Sutton mengatakan ruang kerja bersama secara tradisional populer di kalangan pekerja lepas dan mereka yang bekerja jarak jauh namun tidak memiliki ruang kantor yang produktif di rumah.
BACA JUGA:
Meskipun kelompok tersebut masih ada, dia mengatakan bisnis co-working juga melihat lebih banyak permintaan dari organisasi yang mengurangi atau menghilangkan jejak permanen mereka di bidang properti setelah revolusi kerja jarak jauh.
“Ruang kerja bersama menawarkan fleksibilitas, dan peluang besar untuk interaksi sosial dan komunitas, yang akan menjadi sangat penting untuk mengimbangi beberapa elemen pekerjaan jarak jauh yang semakin disadari orang-orang, seperti perasaan kesepian atau keinginan untuk berinteraksi sosial,” katanya.
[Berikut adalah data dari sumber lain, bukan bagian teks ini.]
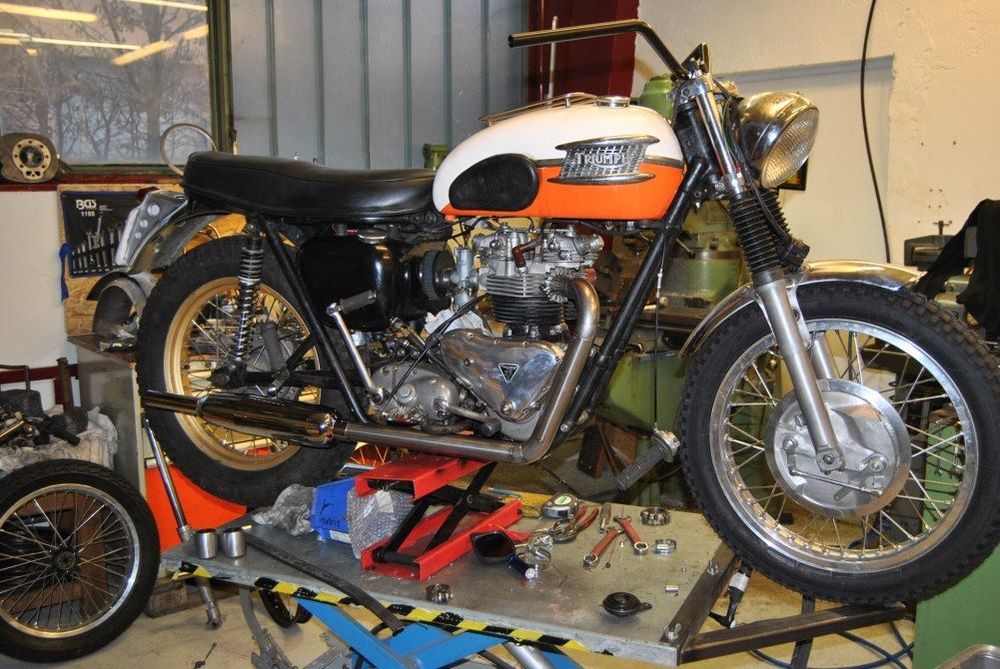 Ein weißes und orangenes Vintage Motorrad wird gewartet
“Organisasi yang bekerja jarak jauh lebih mengandalkan ruang kerja [fleksibel] sebagai bagian terpadu dari strategi mereka, menawarkan subsidi atau benar-benar memiliki tim di area yang sama yang menggunakan ruang kerja bersama sebagai kantor pusat lokal," ucapnya.
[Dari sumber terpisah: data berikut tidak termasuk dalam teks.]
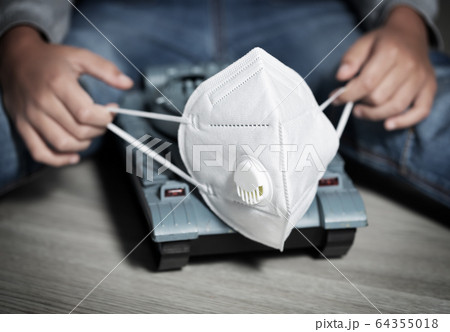 Boy plays with toys coronavirus symbols: toilet paper, medical gloves, protection mask 64355018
Para pekerja juga menyadari bahwa ruang co-working semakin cocok dengan kehidupan kerja jarak jauh mereka yang baru.
Dengan meningkatnya permintaan akan co-working, kejatuhan WeWork dapat menciptakan peluang bagi penyedia ruang co-working lainnya, terutama ketika preferensi pekerja berubah.
Meskipun WeWork mungkin merupakan nama yang paling dikenal di industri ini, banyak perusahaan yang sebenarnya sudah lama berkiprah di bidang ini.
Pendiri dan CEO IWG, Mark Dixon yakin para pekerja tidak lagi mencari kantor di pusat kota, seperti yang dilakukan saat peluncuran WeWork pada tahun 2010, yang sebagian besar ditujukan untuk para profesional perkotaan yang mencari sebuah alternatif dari bekerja di kedai kopi.
Sebaliknya, dia mengamati bahwa pekerja jarak jauh saat ini memprioritaskan untuk tidak melakukan perjalanan ke pusat kota, dan justru mencari ruang hiperlokal.
Serendipity Labs mengambil pendekatan serupa, mendirikan ruang di pinggiran kota yang berdekatan dengan kota-kota besar seperti di sekitar New York.
Sutton mengatakan bahwa sejak dia memulai FlexJobs pada tahun 2007, para pakar telah merujuk pada peristiwa terkini yang menunjukkan bahwa era fleksibilitas telah berakhir.